[Items from a dataset]
********

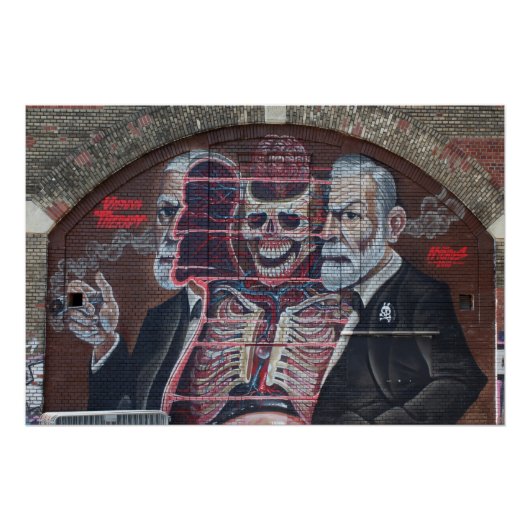 Sigmund Freud Street Art Perfect Poster (Voorkant)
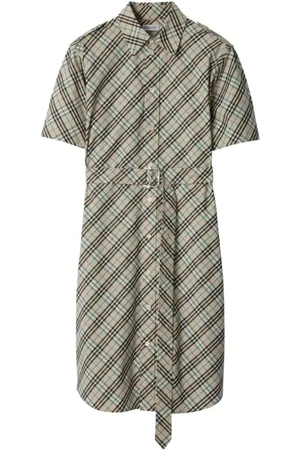 Burberry Kleedjes, Dames, Veelkleurig, XS, Elegante Jurken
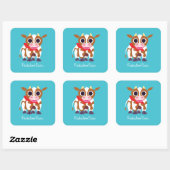 Sticker Carré Reba la vache (Feuille)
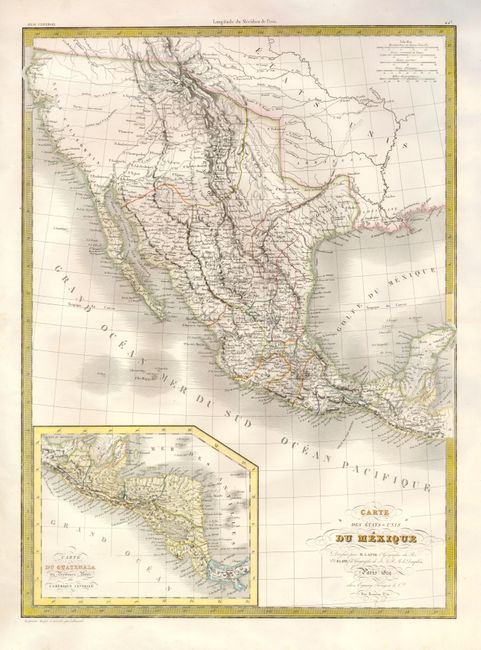 Carte des Etats-Unis du Mexique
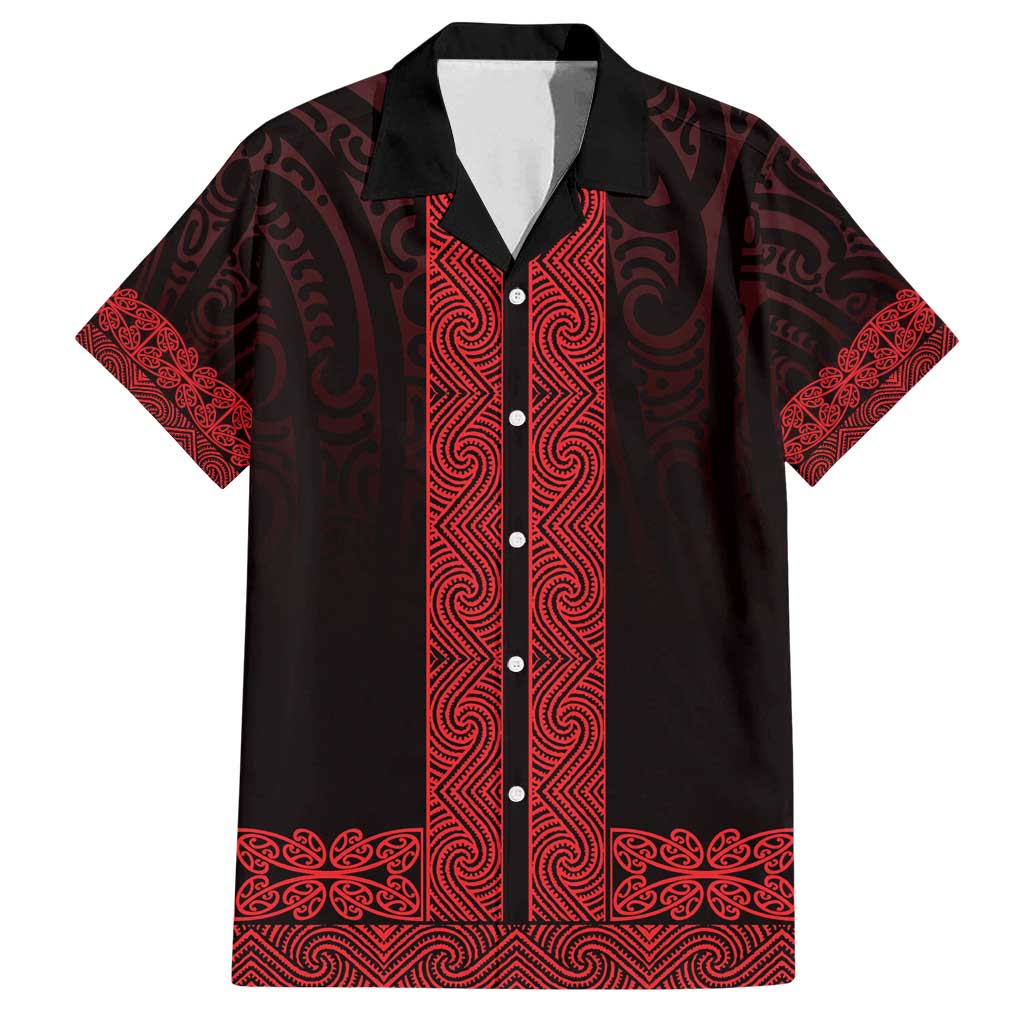 New Zealand Maori Kowhaiwhai Family Matching Long Sleeve Bodycon Dress and Hawaiian Shirt Whero Maui and Mangopare
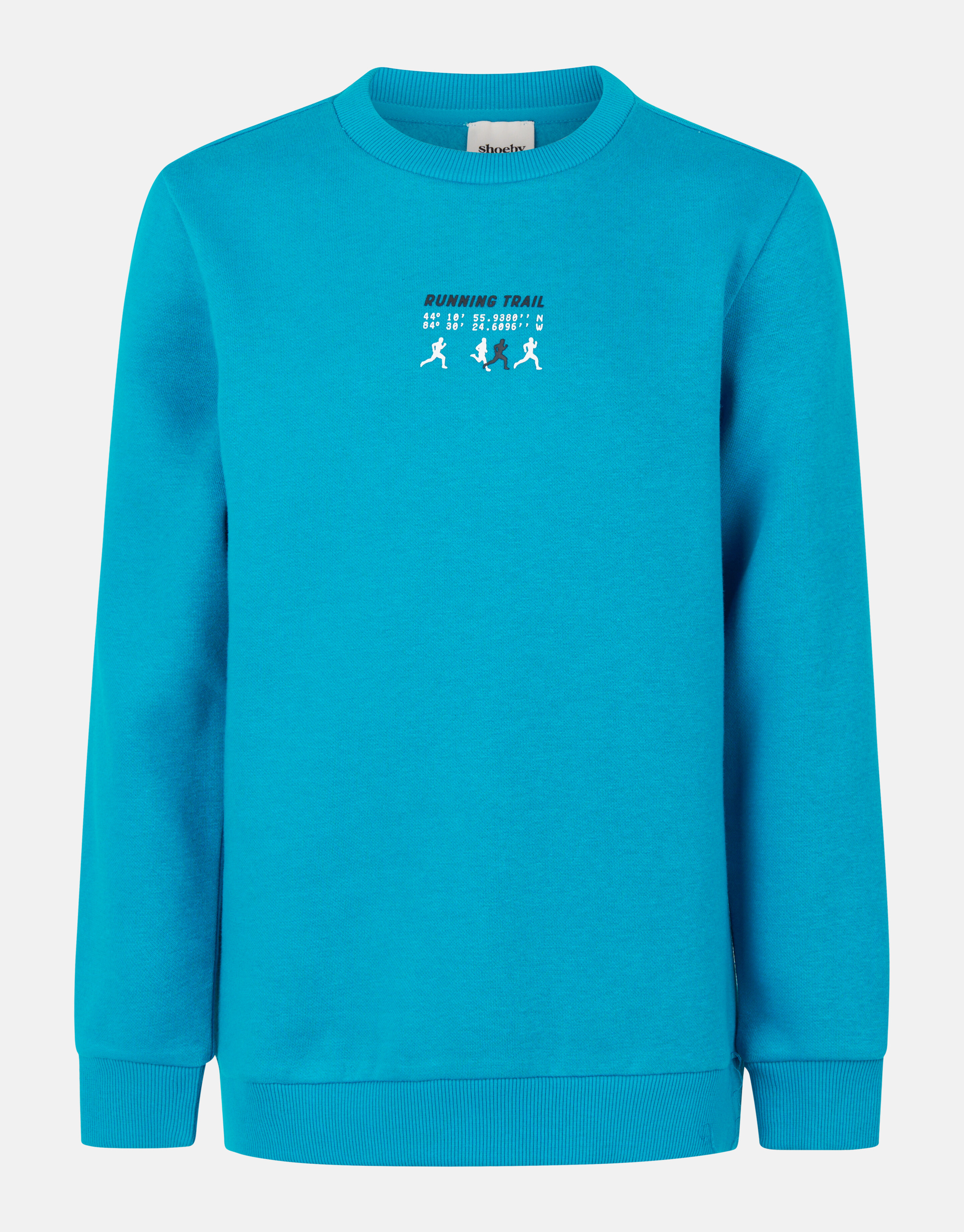 Printed Sweater Blauw SHOEBY BOYS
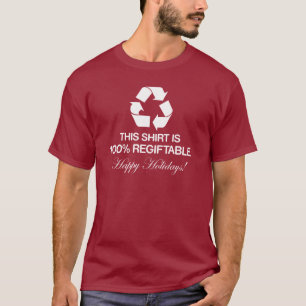 T-shirt Chemise de Regiftable - obscurité
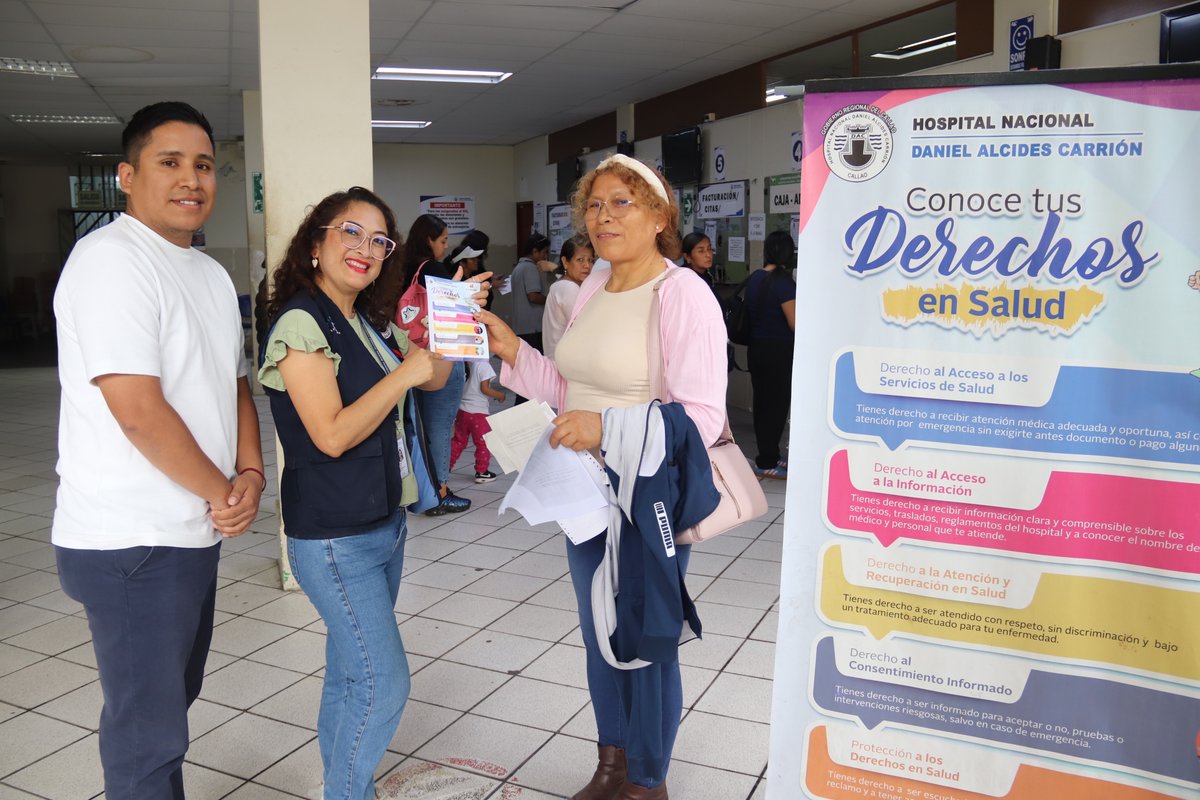 HospitalCarrion's tweet photo. Para facilitar este acceso, el HNDAC cuenta con personal capacitado en lengua de señas, que brinda apoyo para acceder a la información y a los diferentes servicios de nuestra institución. 🤝

¡Trabajamos para brindarte una atención con respeto, información y buen trato! (2/2) https://t.co/Ov7t1PQrEo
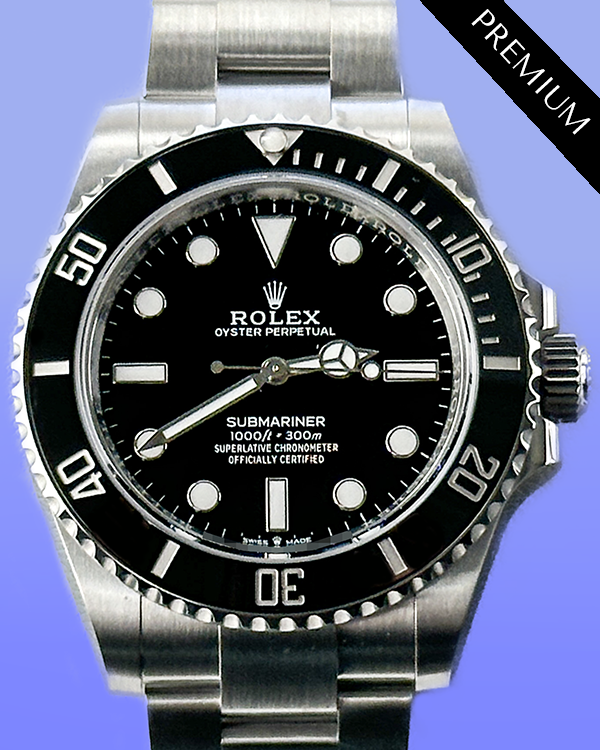 2024 Rolex Submariner No Date 41MM Black Dial Oyster Bracelet (124060)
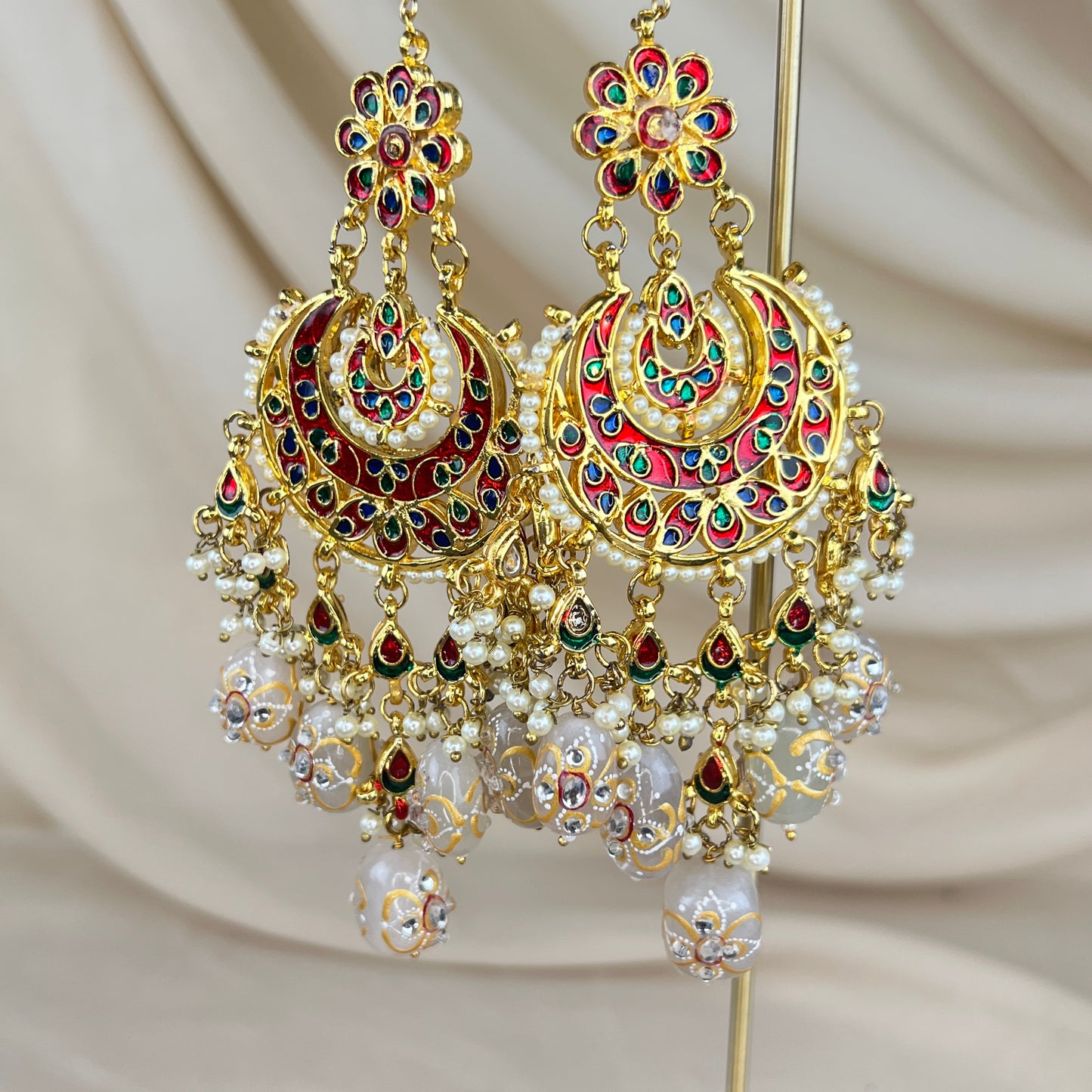 MeenaKari Kundan Earrings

********

[Exercise goal] What you need to produce is an exact copy of the entries above, limited to the lines from the one with "T-shirt Chemise de Regiftable - obscurité" up to and including the one with "HospitalCarrion's tweet photo.", without pictures.

[Answer to this problem]
 T-shirt Chemise de Regiftable - obscurité
 HospitalCarrion's tweet photo. Para facilitar este acceso, el HNDAC cuenta con personal capacitado en lengua de señas, que brinda apoyo para acceder a la información y a los diferentes servicios de nuestra institución. 🤝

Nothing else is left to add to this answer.